▶ [Your goal]: Under this line is a listing; return exactly the lines starting at the one with "Let's pretend that" and running down to the one with "This is a multi-language", and leave out its pictures.

▶ [Supplied data]:
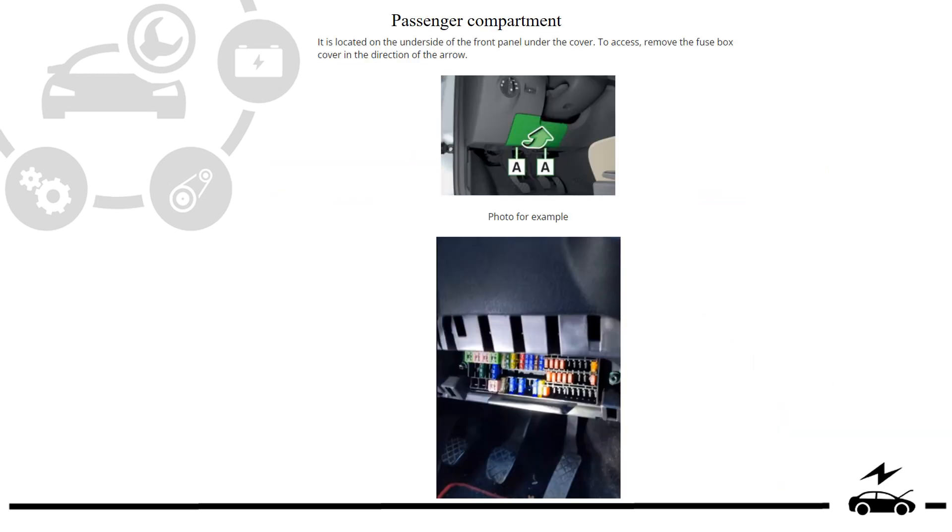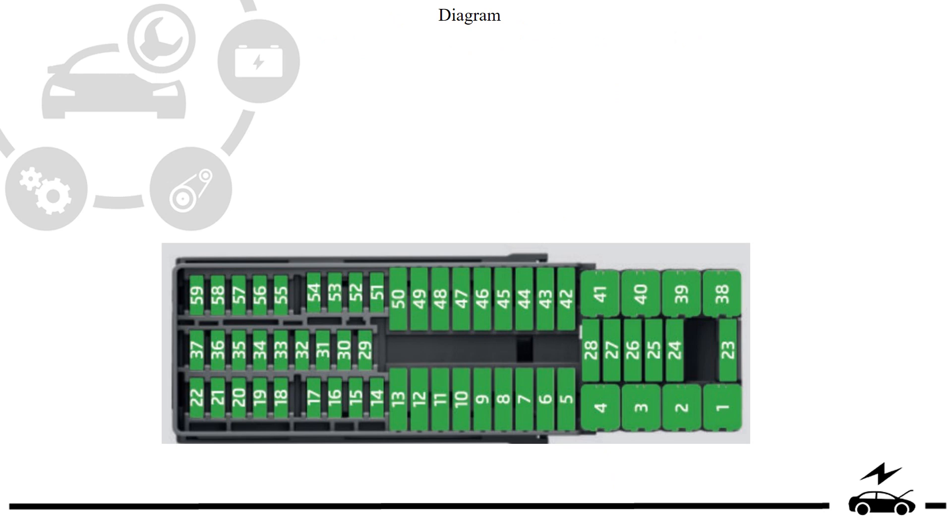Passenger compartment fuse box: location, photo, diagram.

--

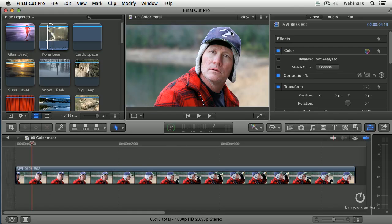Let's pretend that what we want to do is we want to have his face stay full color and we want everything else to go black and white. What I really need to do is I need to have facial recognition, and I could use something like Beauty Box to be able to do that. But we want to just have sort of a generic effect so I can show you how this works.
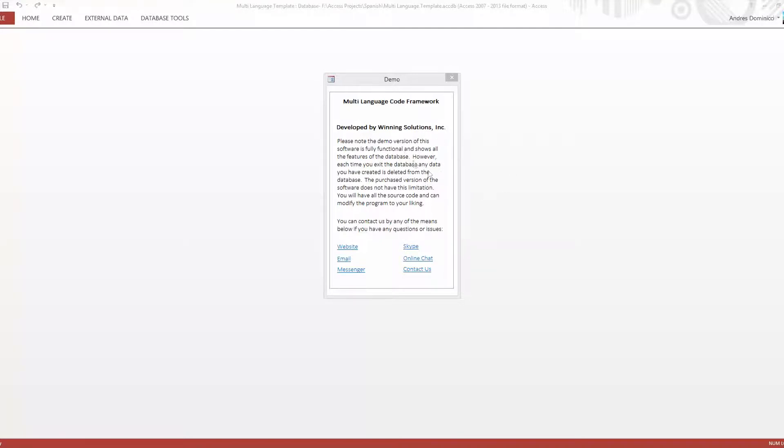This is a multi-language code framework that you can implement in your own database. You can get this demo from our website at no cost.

* * *

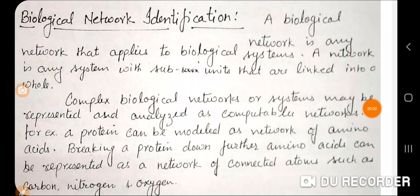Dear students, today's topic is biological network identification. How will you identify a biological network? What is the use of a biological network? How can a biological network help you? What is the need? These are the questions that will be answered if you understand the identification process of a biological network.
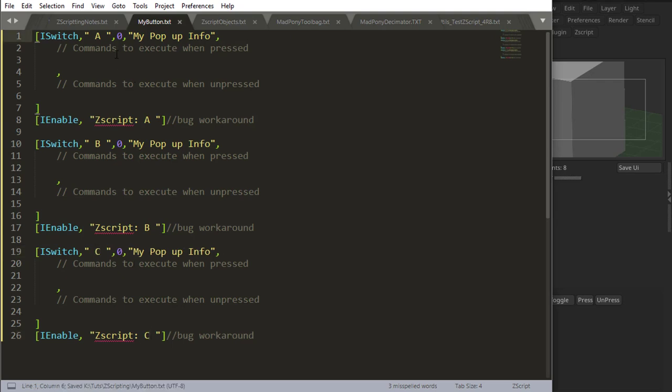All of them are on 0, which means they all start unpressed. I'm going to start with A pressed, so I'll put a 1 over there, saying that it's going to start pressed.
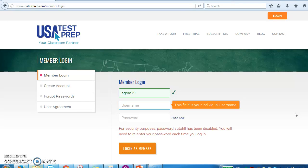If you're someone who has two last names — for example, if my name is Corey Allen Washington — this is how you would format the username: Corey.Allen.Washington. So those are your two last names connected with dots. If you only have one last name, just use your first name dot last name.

▶ [Exercise response]:
Let's pretend that what we want to do is we want to have his face stay full color and we want everything else to go black and white. What I really need to do is I need to have facial recognition, and I could use something like Beauty Box to be able to do that. But we want to just have sort of a generic effect so I can show you how this works.
This is a multi-language code framework that you can implement in your own database. You can get this demo from our website at no cost.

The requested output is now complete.